Required action. What you return should be the complete data below, word for word, with no pictures in it.

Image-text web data
»»

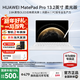 華為平板電腦MatePad Pro13.2英寸 2025新款【國家補貼】 OLED2.8K高刷屏游戲影音娛樂(lè )辦公學(xué)習繪畫(huà) 柔光版丨12+512GB WIFi 宣白 官方標配+原裝三代手寫(xiě)筆+星閃磁吸鍵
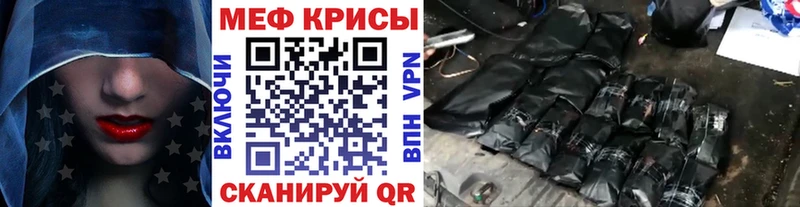 цена наркотик hydra маркетплейс МЯУ-МЯУ 4 MMC Кочубеевское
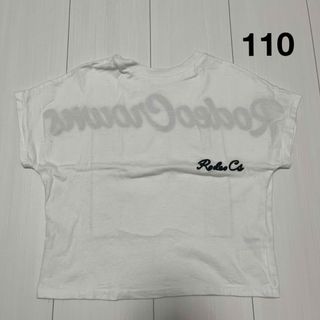 ロデオクラウンズ(RODEO CROWNS)のロデオクラウンズ 半袖 Tシャツ サイズ110(Tシャツ/カットソー)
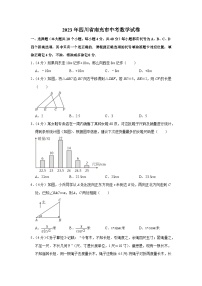 2023年四川省南充市中考数学试卷（含答案解析）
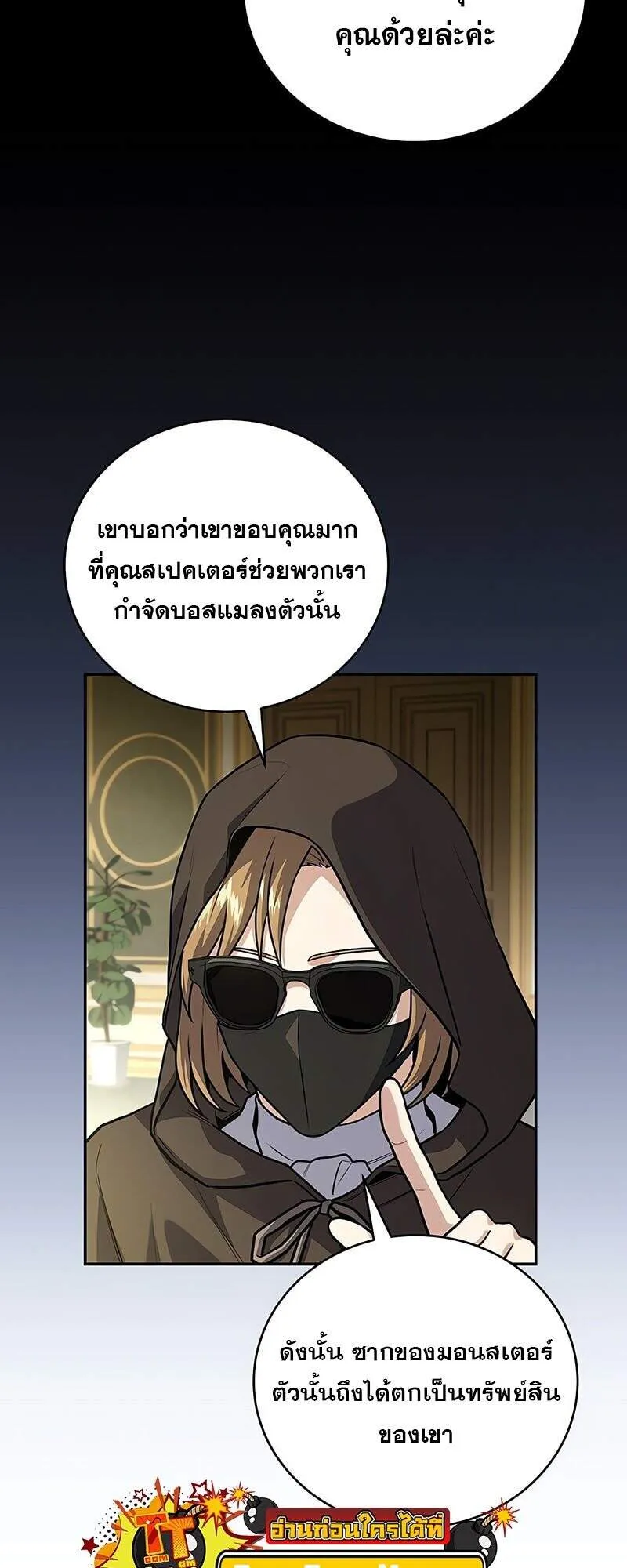 Return of the Frozen Player ตอนที่ 163 30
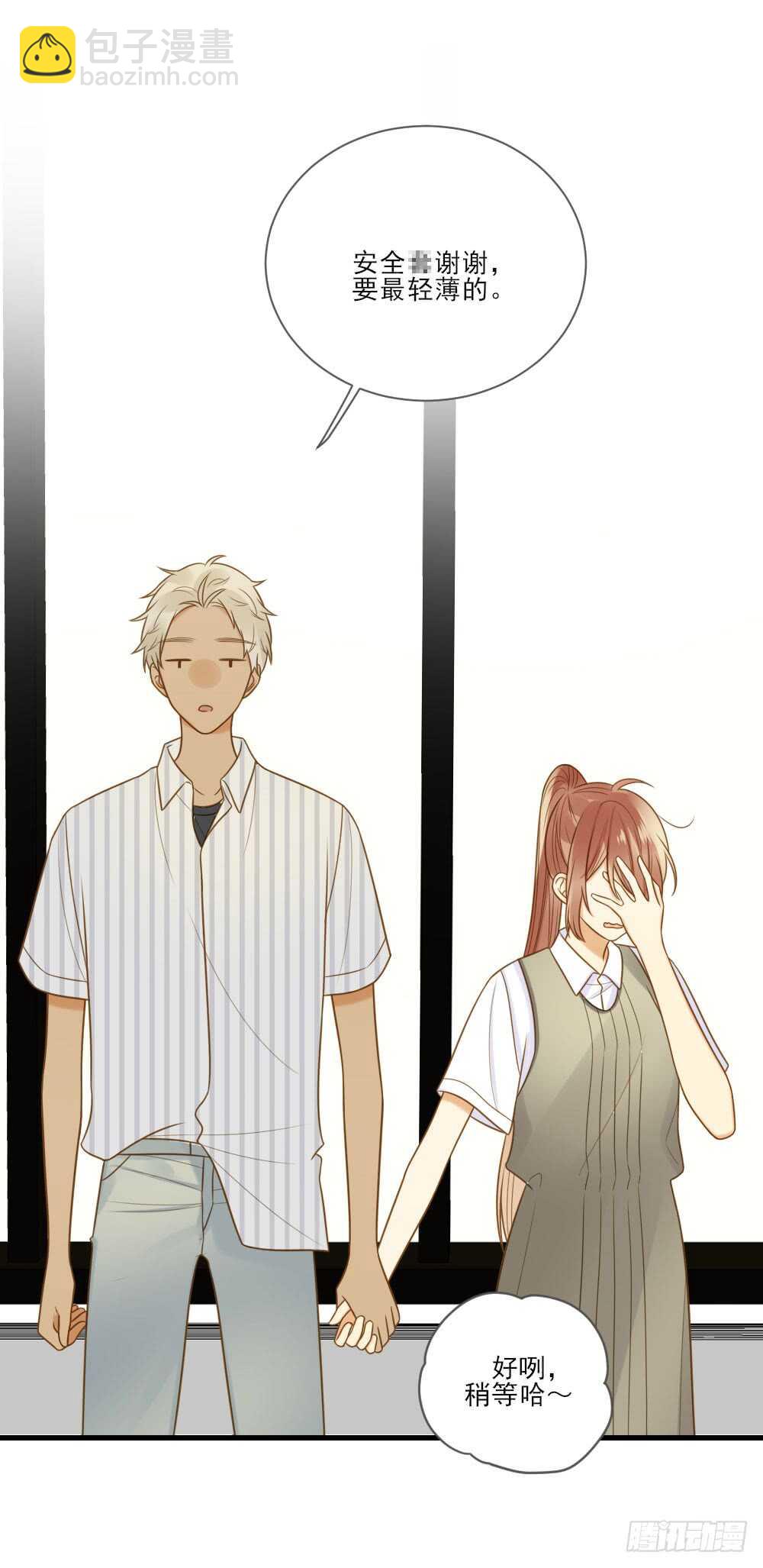 你是处男吗-第145话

««

Expected answer.
 華為平板電腦MatePad Pro13.2英寸 2025新款【國家補貼】 OLED2.8K高刷屏游戲影音娛樂(lè )辦公學(xué)習繪畫(huà) 柔光版丨12+512GB WIFi 宣白 官方標配+原裝三代手寫(xiě)筆+星閃磁吸鍵
 цена наркотик hydra маркетплейс МЯУ-МЯУ 4 MMC Кочубеевское
 ロデオクラウンズ(RODEO CROWNS)のロデオクラウンズ 半袖 Tシャツ サイズ110(Tシャツ/カットソー)
 2023年四川省南充市中考数学试卷（含答案解析）
 Return of the Frozen Player ตอนที่ 163 30
 你是处男吗-第145话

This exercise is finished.